Re: [PATCH v2] vfs: shave work on failed file open

From: Linus Torvalds
Date: Wed Sep 27 2023 - 16:28:17 EST


On Wed, 27 Sept 2023 at 11:32, Mateusz Guzik <mjguzik@xxxxxxxxx> wrote:
>
> put_cred showed up in file_free_rcu in d76b0d9b2d87 ("CRED: Use creds in
> file structs"). Commit message does not claim any dependency on this
> being in an rcu callback already and it looks like it was done this way
> because this was the ony spot with kmem_cache_free(filp_cachep, f)

Yes, that looks about right. So the rcu-freeing is almost an accident.

Btw, I think we could get rid of the RCU freeing of 'struct file *' entirely.

The way to fix it is

(a) make sure all f_count accesses are atomic ops (the one special
case is the "0 -> X" initialization, which is ok)

(b) make filp_cachep be SLAB_TYPESAFE_BY_RCU

because then get_file_rcu() can do the atomic_long_inc_not_zero()
knowing it's still a 'struct file *' while holding the RCU read lock
even if it was just free'd.

And __fget_files_rcu() will then re-check that it's the *right*
'struct file *' and do a fput() on it and re-try if it isn't. End
result: no need for any RCU freeing.

But the difference is that a *new* 'struct file *' might see a
temporary atomic increment / decrement of the file pointer because
another CPU is going through that __fget_files_rcu() dance.

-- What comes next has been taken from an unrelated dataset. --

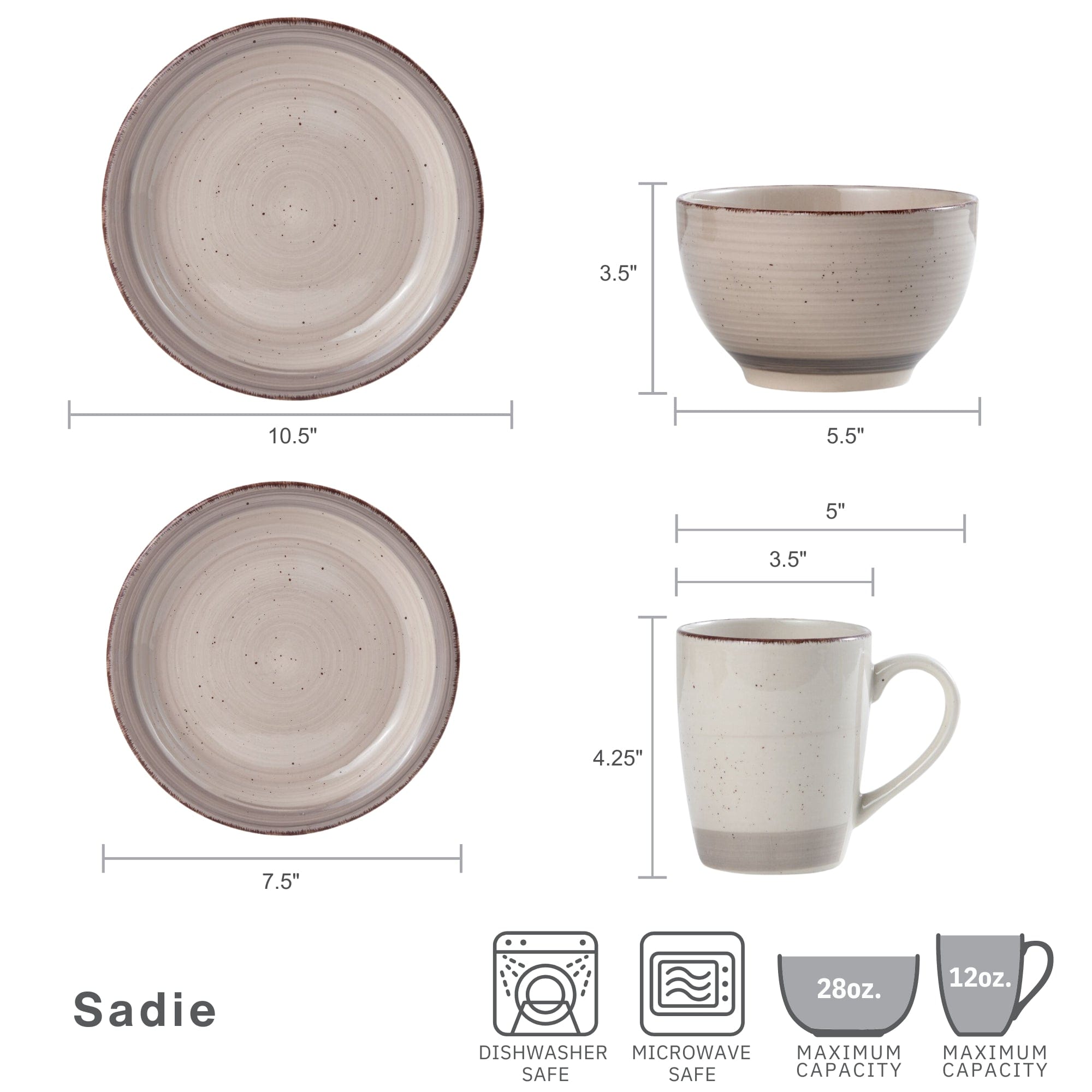 Sadie Cream 16 Piece Dinnerware Set, Service for 4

Which is why "0 -> X" is ok to do as a "atomic_long_set()", but
everything else would need to be done as "atomic_long_inc()" etc.

Which all seems to be the case already, so with the put_cred() not
needing the RCU delay, I thing we really could do this patch (note:
independent of other issues, but makes your patch require that
"atomic_long_cmpxchg()" and the WARN_ON() should probably go away,
because it can actually happen).

That should help the normal file open/close case a bit, in that it
doesn't cause that extra RCU work.

Of course, on some loads it might be advantageous to do a delayed
de-allocation in some other RCU context, so ..

What do you think?

Linus

PS. And as always: ENTIRELY UNTESTED.
fs/file_table.c | 19 ++++++++++---------
1 file changed, 10 insertions(+), 9 deletions(-)

diff --git a/fs/file_table.c b/fs/file_table.c
index ee21b3da9d08..7b38ff7385cc 100644
--- a/fs/file_table.c
+++ b/fs/file_table.c
@@ -65,21 +65,21 @@ static void file_free_rcu(struct rcu_head *head)
{
struct file *f = container_of(head, struct file, f_rcuhead);

- put_cred(f->f_cred);
- if (unlikely(f->f_mode & FMODE_BACKING))
- kfree(backing_file(f));
- else
- kmem_cache_free(filp_cachep, f);
+ kfree(backing_file(f));
}

static inline void file_free(struct file *f)
{
security_file_free(f);
- if (unlikely(f->f_mode & FMODE_BACKING))
- path_put(backing_file_real_path(f));
if (likely(!(f->f_mode & FMODE_NOACCOUNT)))
percpu_counter_dec(&nr_files);
- call_rcu(&f->f_rcuhead, file_free_rcu);
+ put_cred(f->f_cred);
+ if (unlikely(f->f_mode & FMODE_BACKING)) {
+ path_put(backing_file_real_path(f));
+ call_rcu(&f->f_rcuhead, file_free_rcu);
+ } else {
+ kmem_cache_free(filp_cachep, f);
+ }
}

/*
@@ -471,7 +471,8 @@ EXPORT_SYMBOL(__fput_sync);
void __init files_init(void)
{
filp_cachep = kmem_cache_create("filp", sizeof(struct file), 0,
- SLAB_HWCACHE_ALIGN | SLAB_PANIC | SLAB_ACCOUNT, NULL);
+ SLAB_TYPESAFE_BY_RCU | SLAB_HWCACHE_ALIGN
+ | SLAB_PANIC | SLAB_ACCOUNT, NULL);
percpu_counter_init(&nr_files, 0, GFP_KERNEL);
}